Investors: Keep your itchy finger off the trigger

From: cnbc.com

What followed the 2008 mass exodus from stock funds? A five-year, cumulative 8.6 percent return for the S&P 500.

How about that 550-point intraday dive last week in the Dow! Did that finally get you to sell?

Or was it one of the many headlines about the trillions of dollars that have been wiped out of the stock market in the worst start for the Dow in history — since 1897! And worst start for the S&P 500 since the Great Depression began in 1929.

Oh, c’mon, that was “so last Wednesday.”

Surely, when all the major indices ripped higher on Friday, and stocks registered their first positive week of the year, and that diving-Dow had two straight days with triple-digit gains, you had plowed right back into the stock market and banked all those big gains.

Right?

It seemed like the panic and the paranoia were over — until the Dow dropped by another 200 points on Monday.

Vanguard Group CEO Bill McNabb said on Monday that stocks are pretty highly valued and investors should expect the volatility to last longer — and expect less from stocks for up to a decade.

And so far in January, investors have yanked near-$7 billion from U.S. stock funds, according to Thomson Reuters Lipper data.

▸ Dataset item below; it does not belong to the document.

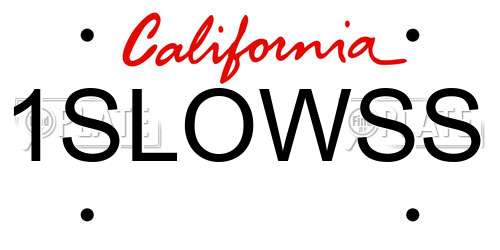 1SLOWSS California License Plate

Investors have also put more than $3 billion into money market funds — the market’s under-the-mattress cash equivalent. But the more alarming data comes from last month, when investors pulled $48 billion from stock funds. That is eerily similar to 2008, as the financial crash hardened: Investors took $49 billion out of stock funds in Sept. 2008 and $55 billion out of stock funds in October 2008.

Kudos to investors for the great timing. Except for the fact that from 2008 to 2012, the S&P 500 generated a cumulative return of 8.6 percent.

Here’s the problem: If an investor missed the 36 percent drop in the S&P 500 in 2008 — or even worse, bailed on the markets mid-carnage — they probably also missed the 26 percent gain in the S&P 500 in 2009, and the next three positive years for the index that followed.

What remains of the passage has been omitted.